The Aiken County Historic Commission, which oversees the county-owned museum, has requested funding from the proposed extension of the 1-cent sales tax to pay for an elevator, which would make the former Winter Colony residence fully accessible, and a host of repairs.
"There's no regular system of maintenance," commission Chairman Owen Clary said. "It's taken care of when it falls apart."
In its quest for money from the sales tax, the county museum must compete with a list of requests from the private sector, including bids to build two new museums.
One group is asking the county for $500,000 to build a black history museum and cultural center. A second is asking for more than $200,000 to build a replica of Aiken's original train depot from the 19th century.
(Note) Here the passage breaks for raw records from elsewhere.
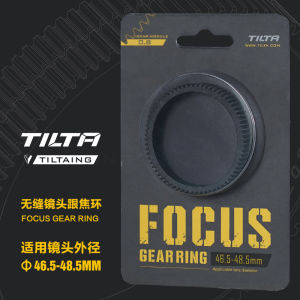 Tilta Tilta Seamless Lens and Focus Ring Focus Ring Zoom Ring Gear Ring SLR Camera Lens Film Force N Wireless Follow Focus Motor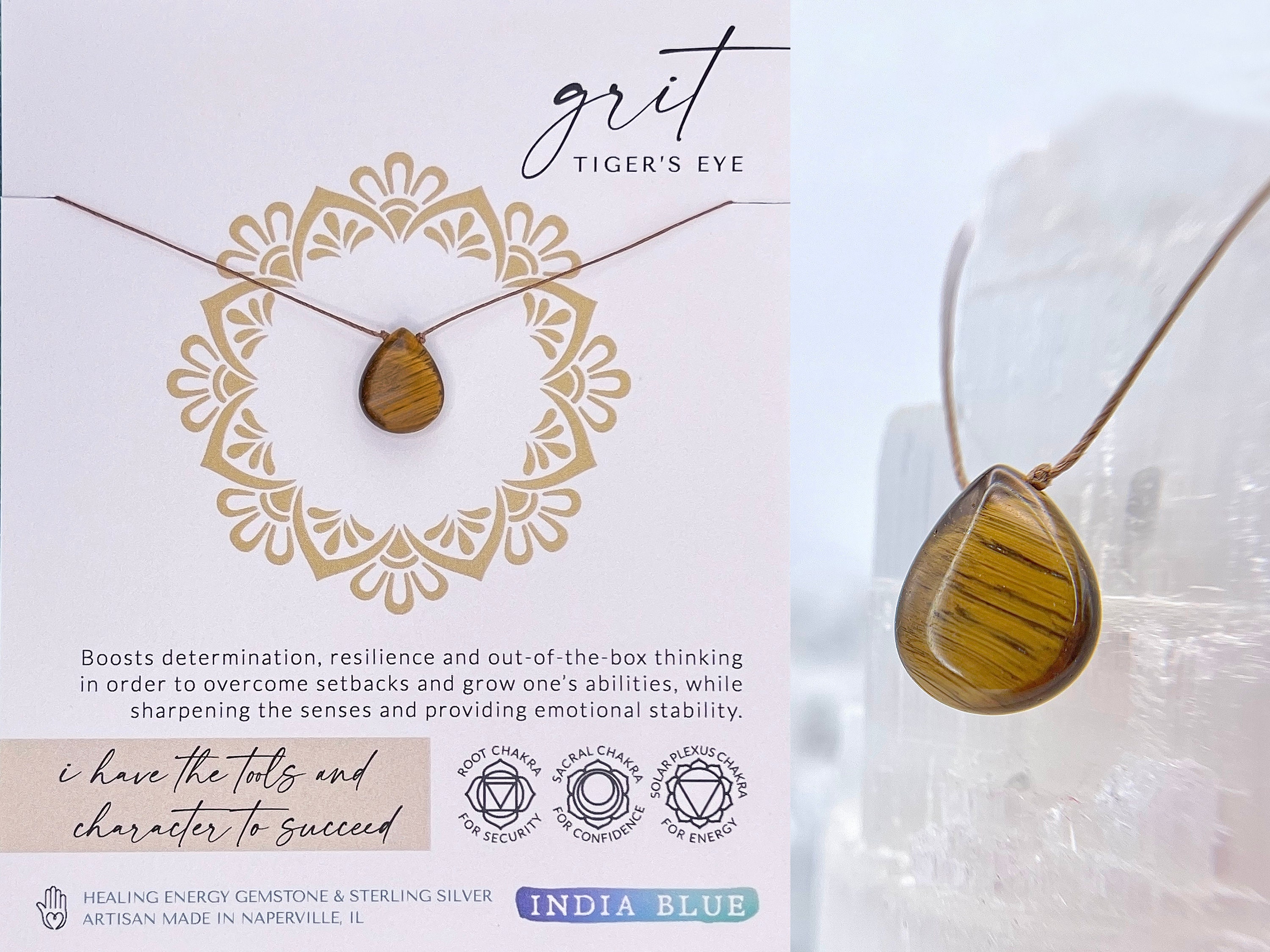 Grit 2024 necklace etsy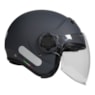 CAPACETE GP TECH ZOOM FOSCO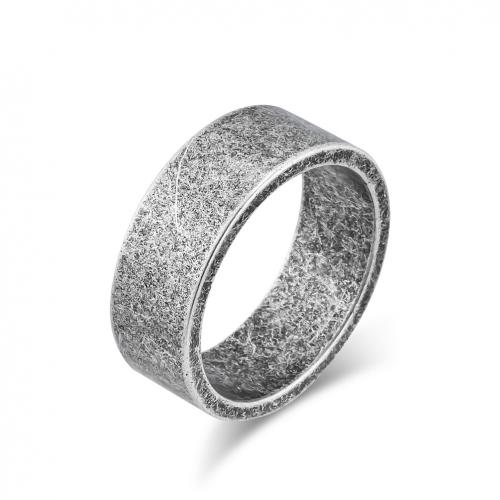 Titantium Steel Finger Ring, Titanium Steel, csiszolt, egynemű & különböző méretű a választás, több színt a választás, Által értékesített PC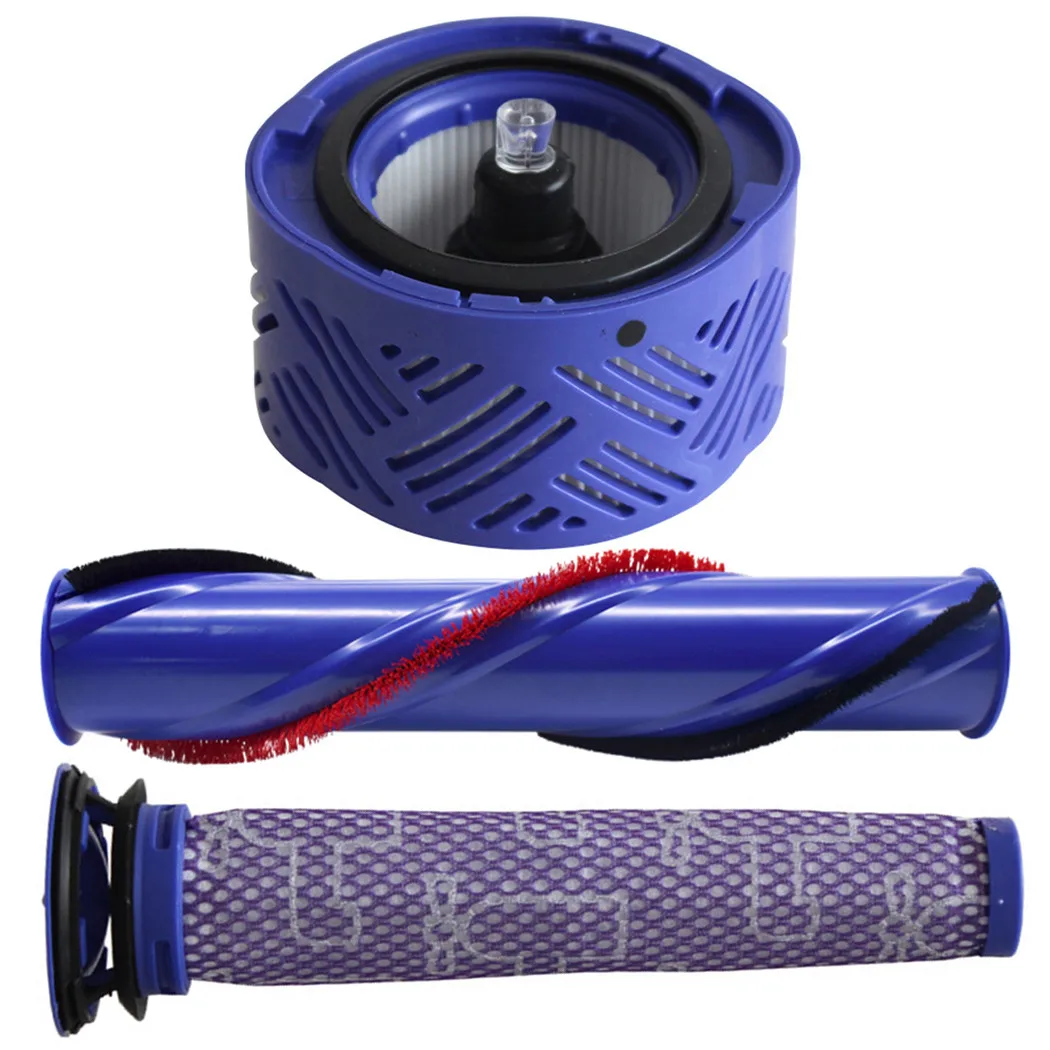 

Brushroll With Pre & Post Motor Filter For Dyson V6 Cordless Vacuum Cleaners Pre Motor Post Motor Filters Roller Main Brushes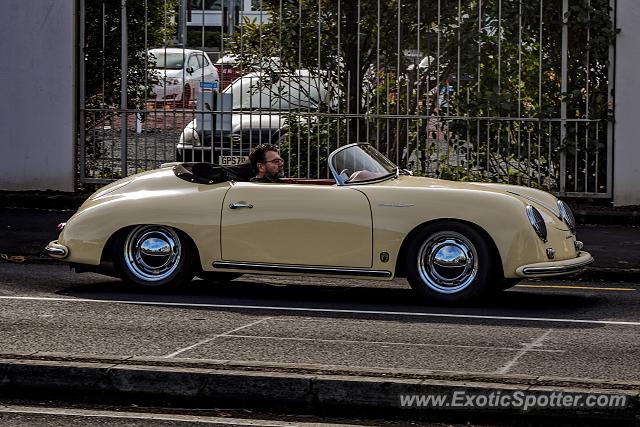 Porsche 356 spotted in Newmarket, New Zealand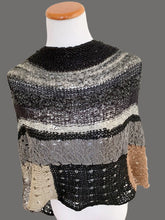 Load image into Gallery viewer, AJour, a 3 in one shawl kit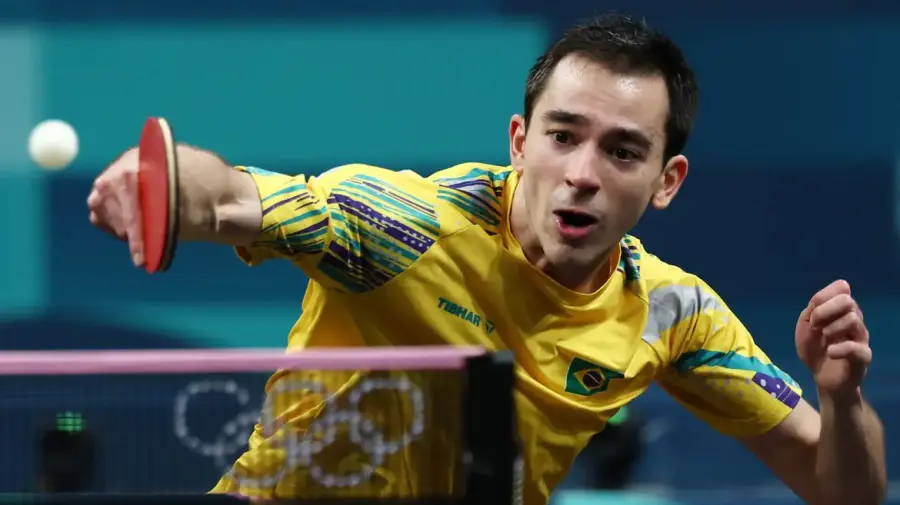 Calderano vence a Copa do Mundo de tênis de mesa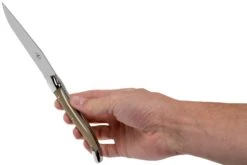 Forge De Laguiole, T62MINB, Set De Couteaux à Steak En Pointe De Corne -Kai Soldes Boutique LAT62MINB 10 forge de laguiole v201909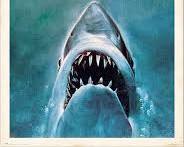Jaws movie poster的圖片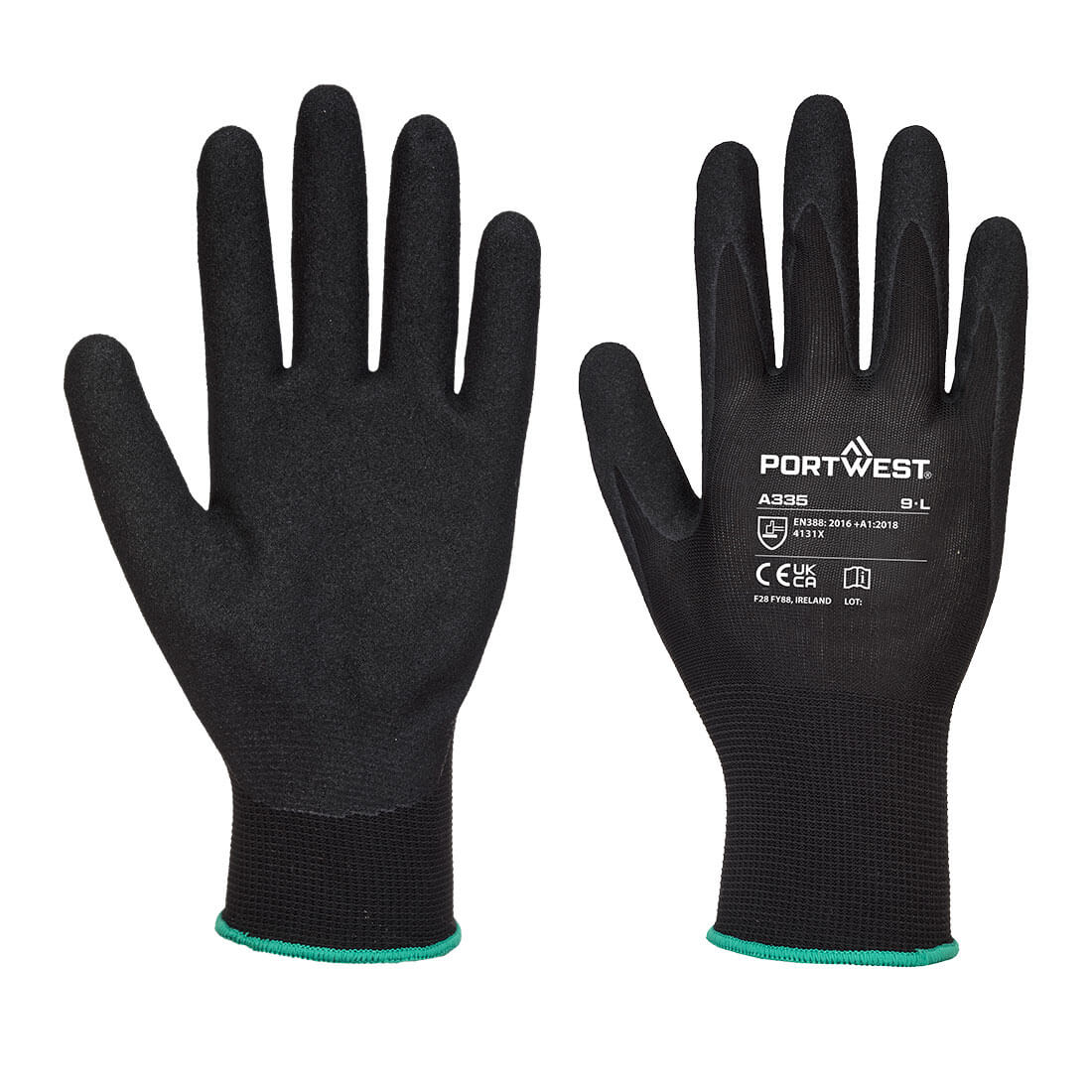 Portwest Grip 15 Nitrile Sandy Glove - A335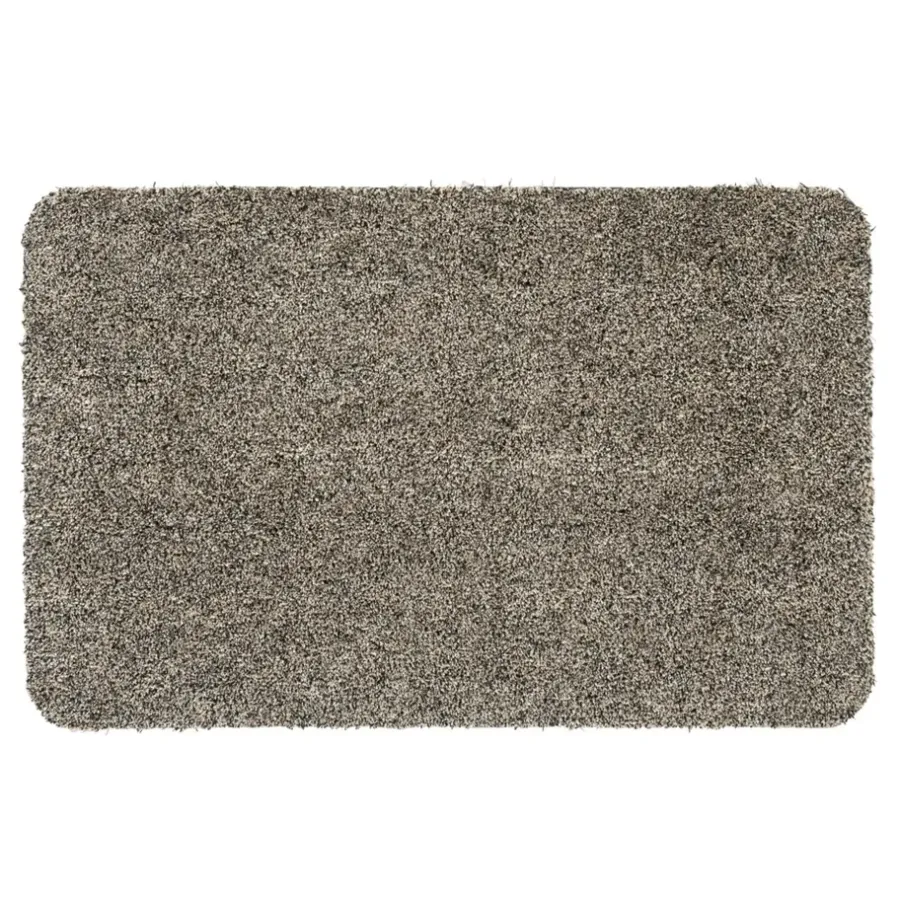 Leen Bakker Mat Aqua-Luxe - lichtbeige - 50x80 cm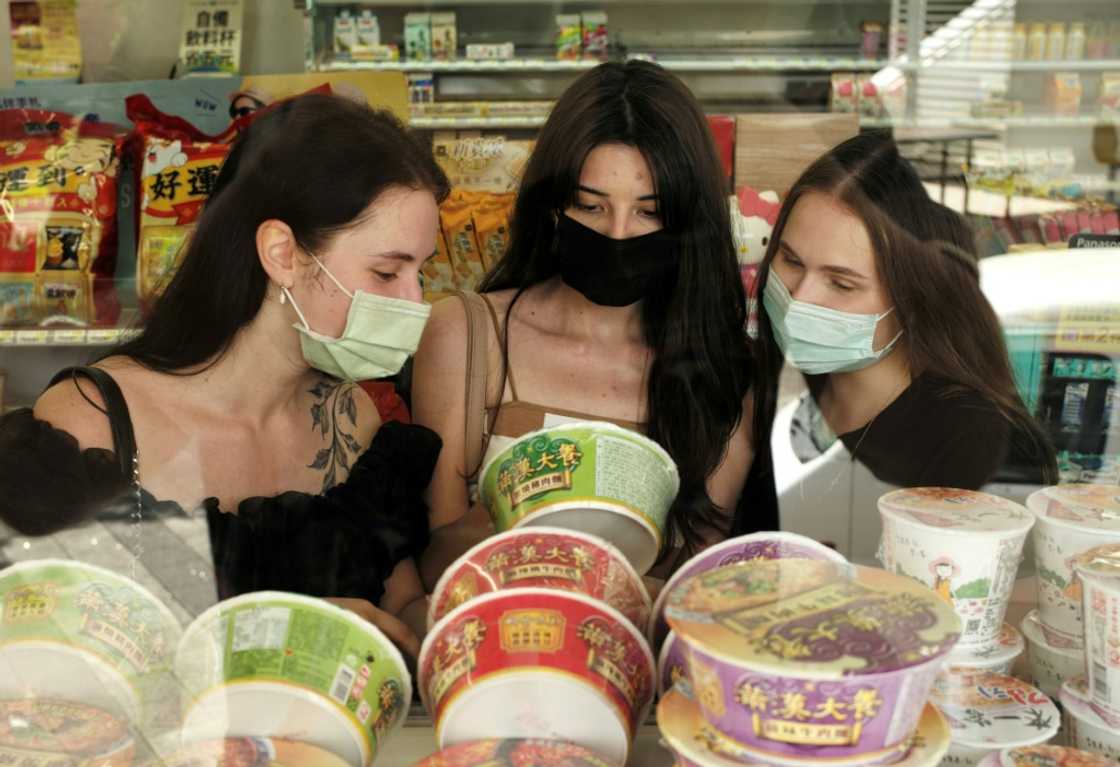 The Ukrainian students remain hopeful that Ukraine would triumph in the end The Ukrainian students remain hopeful that Ukraine would triumph in the end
The same groups, which are putting up some of their own money, also are asking the city of Aiken for contributions totaling hundreds of thousands of dollars.
The requests are forcing officials and the residents committee, which will decide which projects will get funded with the tax, to balance private interests with what will best serve residents of Aiken County.
"Most of the money should go for things that are owned by the city, the county, or the roads and infrastructure improvements," Aiken City Councilman Pat Cunning said.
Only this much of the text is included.